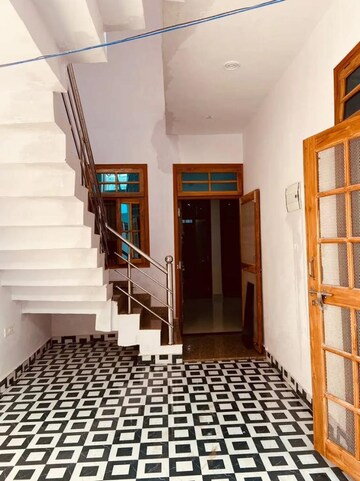 Building Lobby in 3 BHK Independent House at Vishal Enclave Chinhat, Chinhat – for Sale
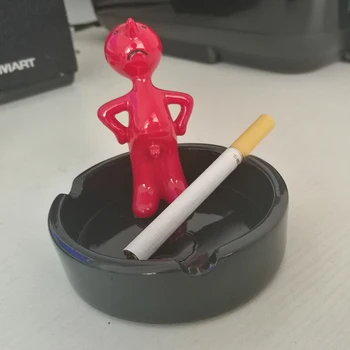 Decorative Covered Ashtray for car Gadget Portable Resin Funny Ashtray Home Office Bar Accessories Figurines smokeless Red
Decorative Covered Ashtray for car Gadget Portable Resin Funny Ashtray Home Office Bar Accessories Figurines smokeless Red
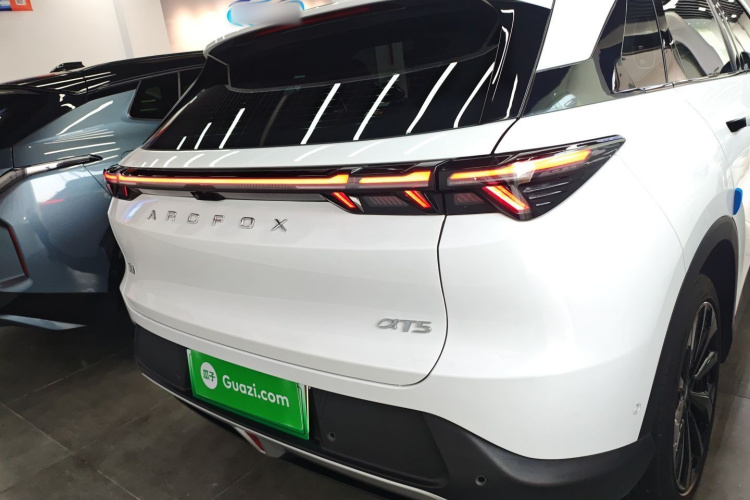 ARCFOX极狐 极狐 阿尔法T5(ARCFOX αT5) 2024款 660 MAX车身外观6004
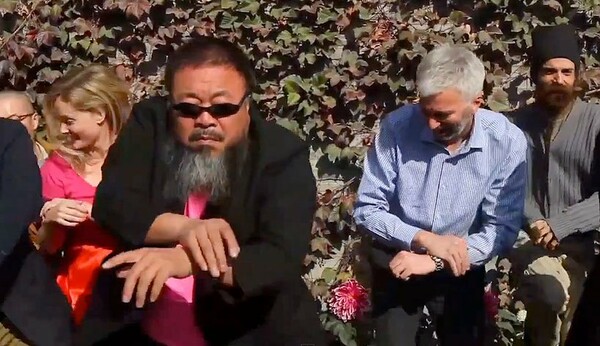 Και ο Ai Weiwei χορεύει Gangham Style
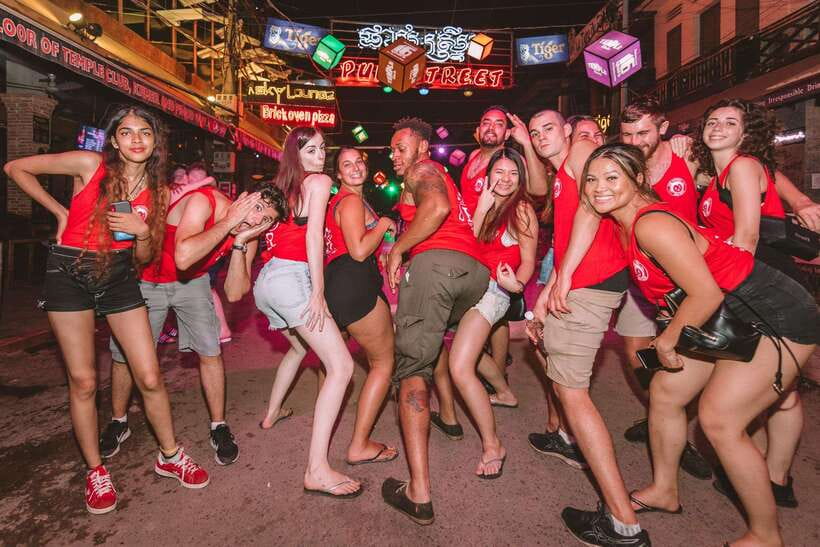 Mad Monkey Siem Reap Pub Crawl - 11 PM and the move to Pub Street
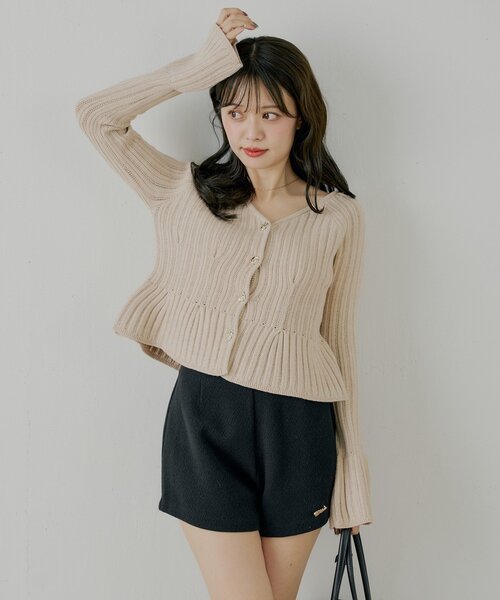 Chico（チコ）の「【SALON by Chico】金釦ペプラム柄編みニット（ニット/セーター・レディース・ベージュ/アイボリー/ブラック/レッド・FREE）」の20枚目の写真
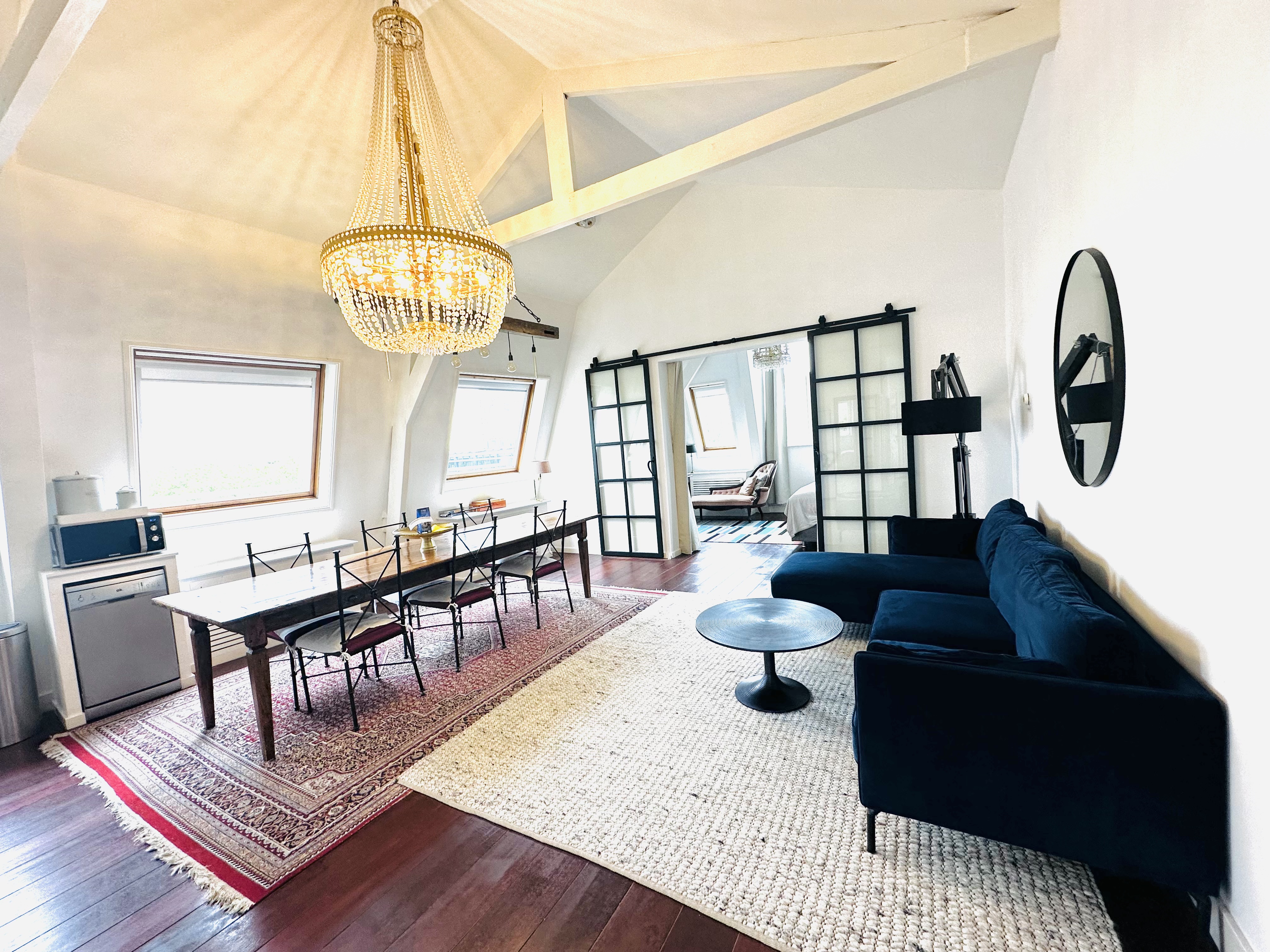 Amazing Canal Penthouse, Stunning views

**What the exercise asks:**
What you hand back should match the entries above exactly, except that no picture appears.

**Answer area:**
 Building Lobby in 3 BHK Independent House at Vishal Enclave Chinhat, Chinhat – for Sale
 Decorative Covered Ashtray for car Gadget Portable Resin Funny Ashtray Home Office Bar Accessories Figurines smokeless Red
Decorative Covered Ashtray for car Gadget Portable Resin Funny Ashtray Home Office Bar Accessories Figurines smokeless Red
 ARCFOX极狐 极狐 阿尔法T5(ARCFOX αT5) 2024款 660 MAX车身外观6004
 Και ο Ai Weiwei χορεύει Gangham Style
 Mad Monkey Siem Reap Pub Crawl - 11 PM and the move to Pub Street
 Chico（チコ）の「【SALON by Chico】金釦ペプラム柄編みニット（ニット/セーター・レディース・ベージュ/アイボリー/ブラック/レッド・FREE）」の20枚目の写真
 Amazing Canal Penthouse, Stunning views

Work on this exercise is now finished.